SamsungLabs / iterdet

[S+SSPR2020] IterDet: Iterative Scheme for Object Detection in Crowded Environments
https://arxiv.org/abs/2005.05708
Mozilla Public License 2.0
210 stars 39 forks source link

The question about scale_factor. #24

Closed Sunnyheye closed 4 years ago

Sunnyheye commented 4 years ago

Hello, Thank you very much for your excellent work. I have a question when running your code. I don't quite understand the relationship between ori_shape, img_shape and pad_shape. For example, the ori_shape is (600,800), the img_shape = (800,1067) and the pad_shape = (800,1088), and scale_factor is the array([1.33375 , 1.3333334, 1.33375 , 1.3333334]), which is [800/600, 1067/800, 800/600, 1067/800],that is to say, scale_factor is img_shape/ori_shape. During the test process, we get the coordinates of the detection boxes based on the original image, and we need to map the detected boxes to the history map. The shape of history map is pad_shape=(800,1088), however the scale factor is about original shape and resized shape. Why use scale_factor [0] in this part of the code? https://github.com/saic-vul/iterdet/blob/master/mmdet/models/detectors/iterdet_faster_rcnn.py#L91

I am looking forward to your reply. Thank you.

filaPro commented 4 years ago

Hi @Sunnyheye,

I think pad_shape doesn't matter here. mmcv pads an image at bottom and right sides. This transform keep the coordinates of a box multiplied by scale_factor[0] in place. Feel free to correct me if i'm wrong.

Sunnyheye commented 4 years ago

Hi @Sunnyheye,

I think pad_shape doesn't matter here. mmcv pads an image at bottom and right sides. This transform keep the coordinates of a box multiplied by scale_factor[0] in place. Feel free to correct me if i'm wrong.

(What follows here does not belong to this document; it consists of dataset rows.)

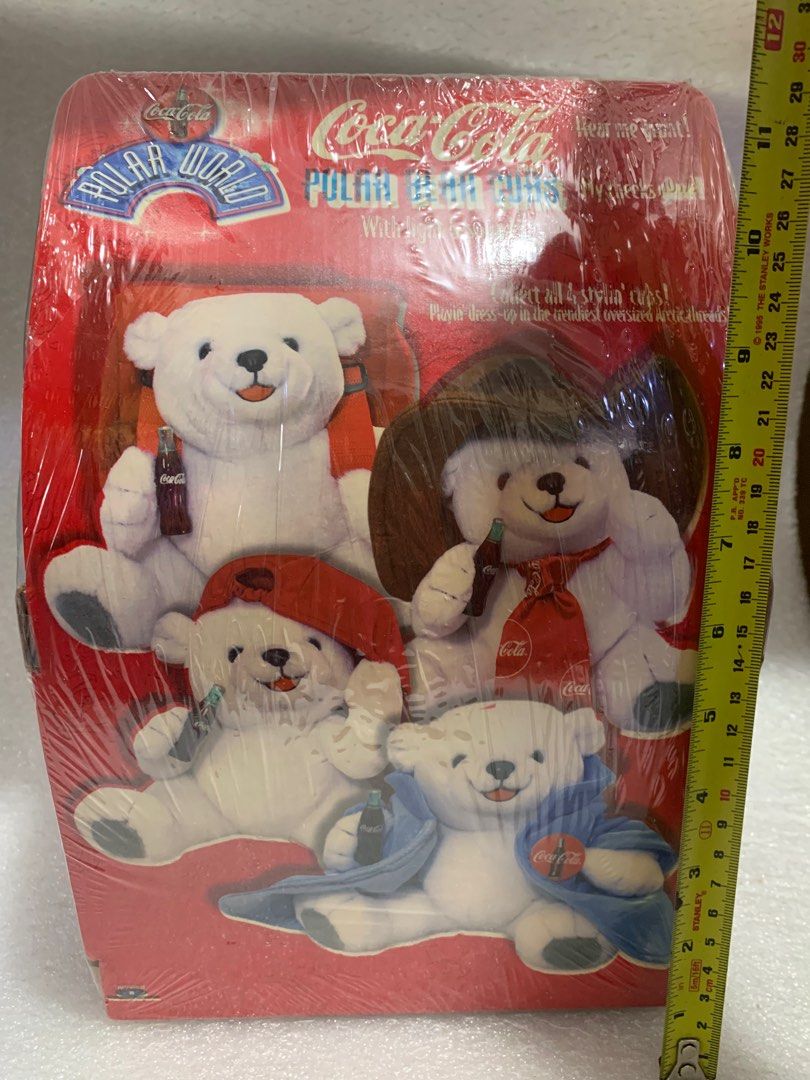 Polar Cubs / Coca Cola Collectibles (Category: Vintage Collectibles) located in Antipolo. Submitted by cebb888 (Listing ID 1286692389, Image 3). Description: Collector’s item declutter ( sealed with plastic like new ) Not sure if paw & sound control working . Where is , as is hard to find item. Size: 8” x 8” x 14 .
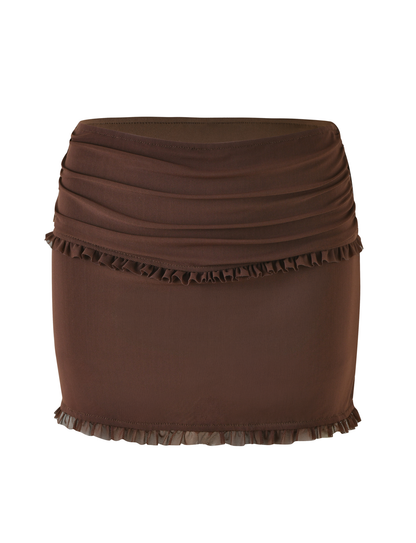 GINNY SKORT - BROWN : CHOCOLATE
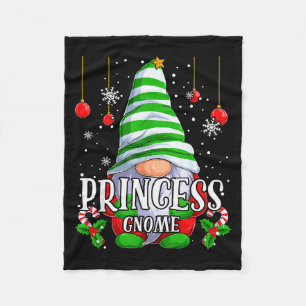 Princess Gnome Christmas Pajamas Matching Family G Fleece Blanket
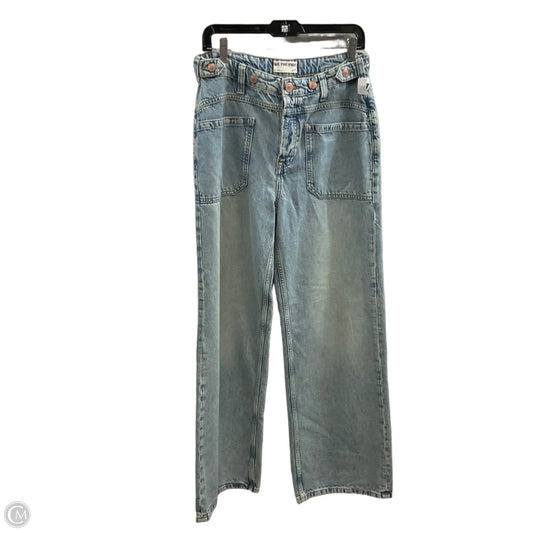 Jeans Wide Leg By We The Free In Blue Denim, Size: 4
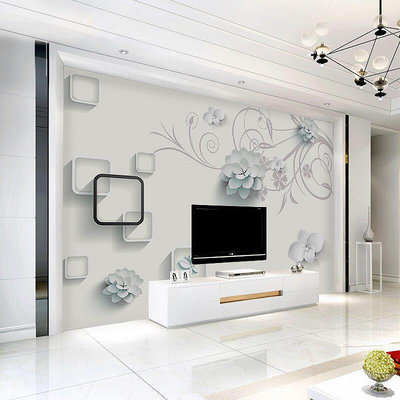 簡約8d電視背景牆壁紙沙發客廳牆布3d立體壁畫時尚大氣5d壁紙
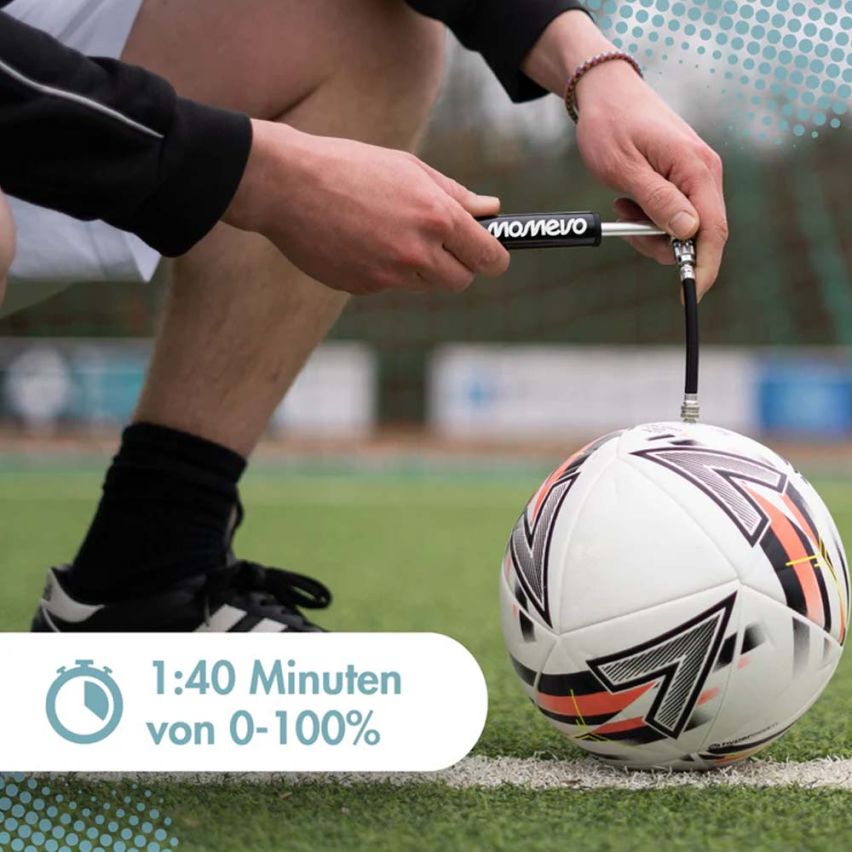 Momevo PocketAir Mini Ballpumpe schwarz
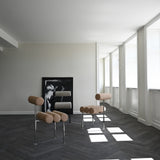 101 Copenhagen - Hiro Dining Chair, Stainless Steel - Nubuck - Dining Chair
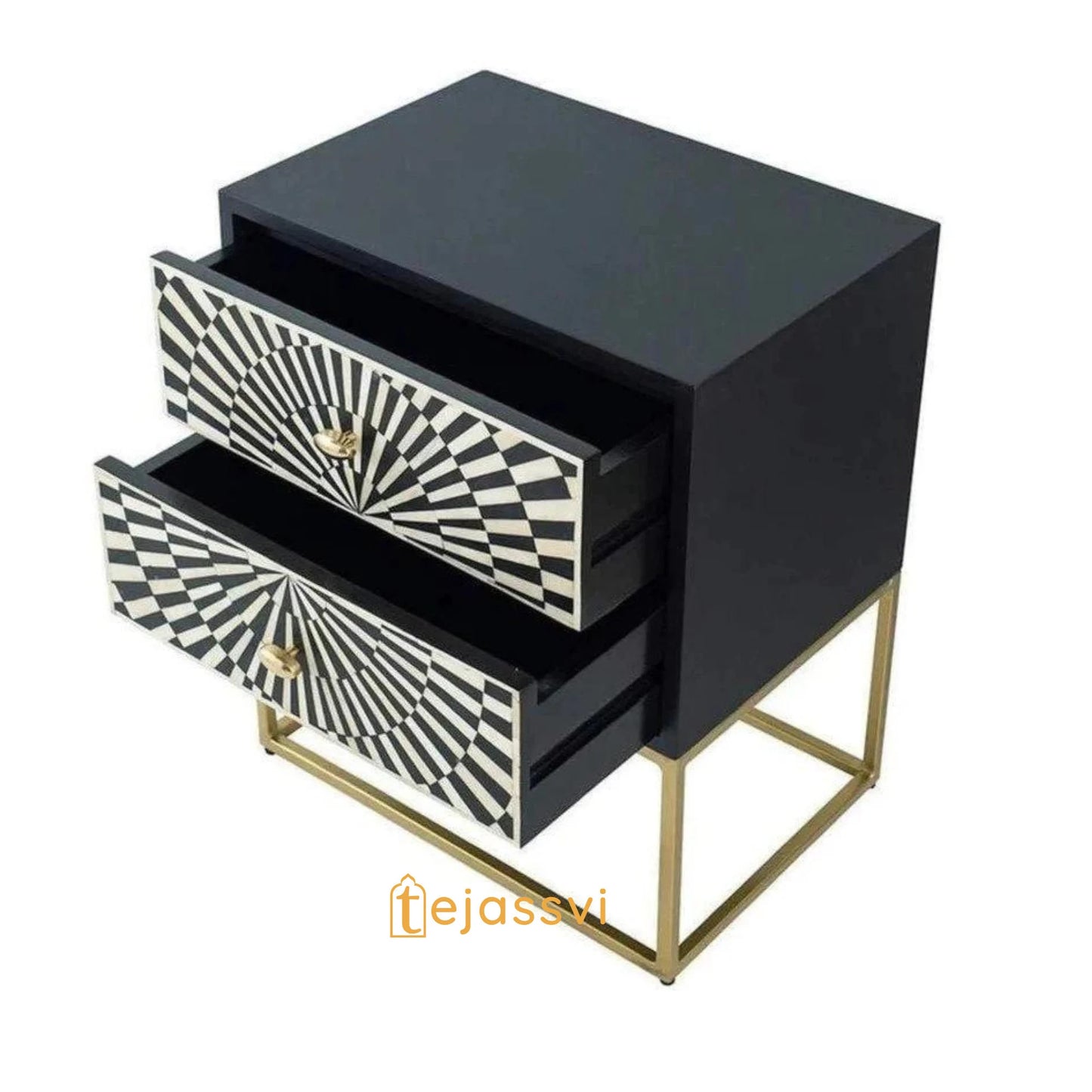 Handmade Bone Inlay Sideboard: Indian Luxury Buffet Table, Media Console/ bone inlay luxury furniture .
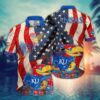 Kansas Jayhawks US Independence Day Hawaiian Shirt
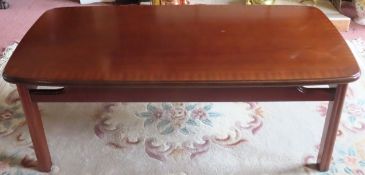 G Plan 20th century mahogany coffee table. Approx. 43cm H x 112cm W x 34cm D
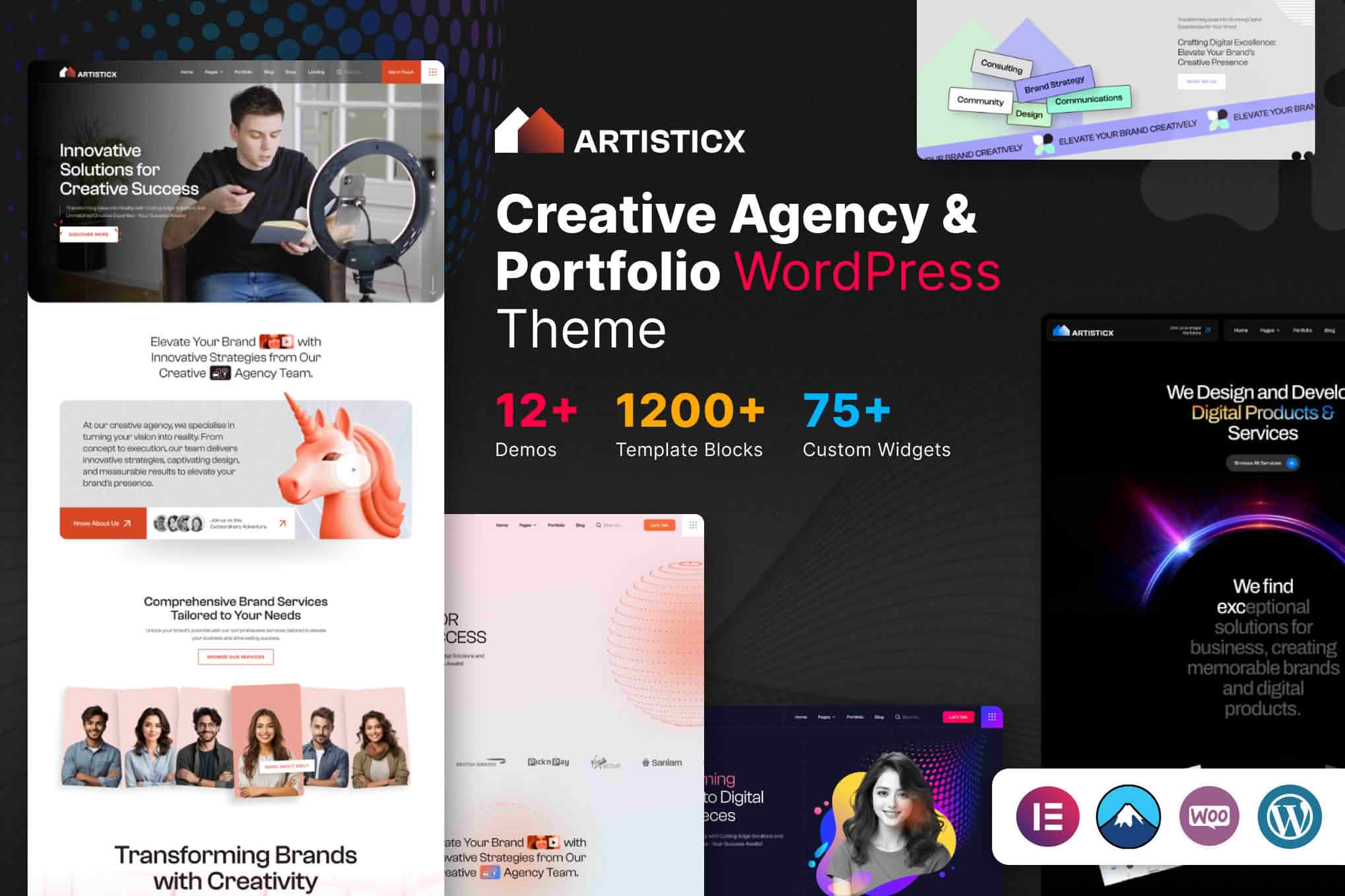 Download Artisticx - Creative Agency WordPress Theme GPL WordPress Plugin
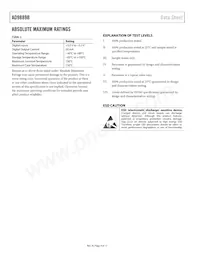 AD9889BBCPZ-165 Datasheet Pagina 4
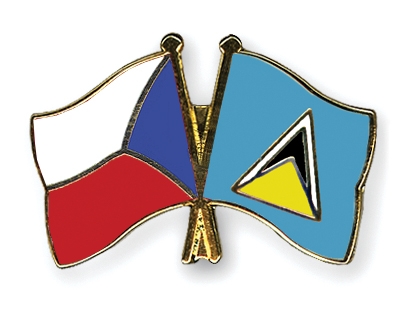 Fahnen Pins Tschechische-Republik St-Lucia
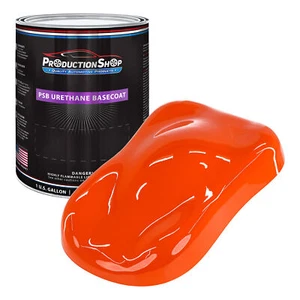 ProductionShop 1 Gallon Hugger Orange Performance Basecoat Auto Paint - Picture 1 of 1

I'd like to ask, the image that we send into the backbone network is the image after padding, right? Is the code of scale_factor correct? scale_factor = np.array([w_scale, h_scale, w_scale, h_scale]), which is about original image and resized image. https://github.com/saic-vul/iterdet/blob/master/mmdet/datasets/pipelines/transforms.py#L137

filaPro commented 4 years ago

I'd like to ask, the image that we send into the backbone network is the image after padding, right?

yes

Is the code of scale_factor correct?

I think, yes. The image is rescaled with this factor and then padded to the size, that divides 32. However this right and/or bottom padding has no effect on the scale factor between predicted boxes and boxes in history.

Sunnyheye commented 4 years ago

I think I get it. Thank you so much for your prompt reply! It helps me a lot! :.゚ヽ(。◕‿◕。)ノ゚.:。+゚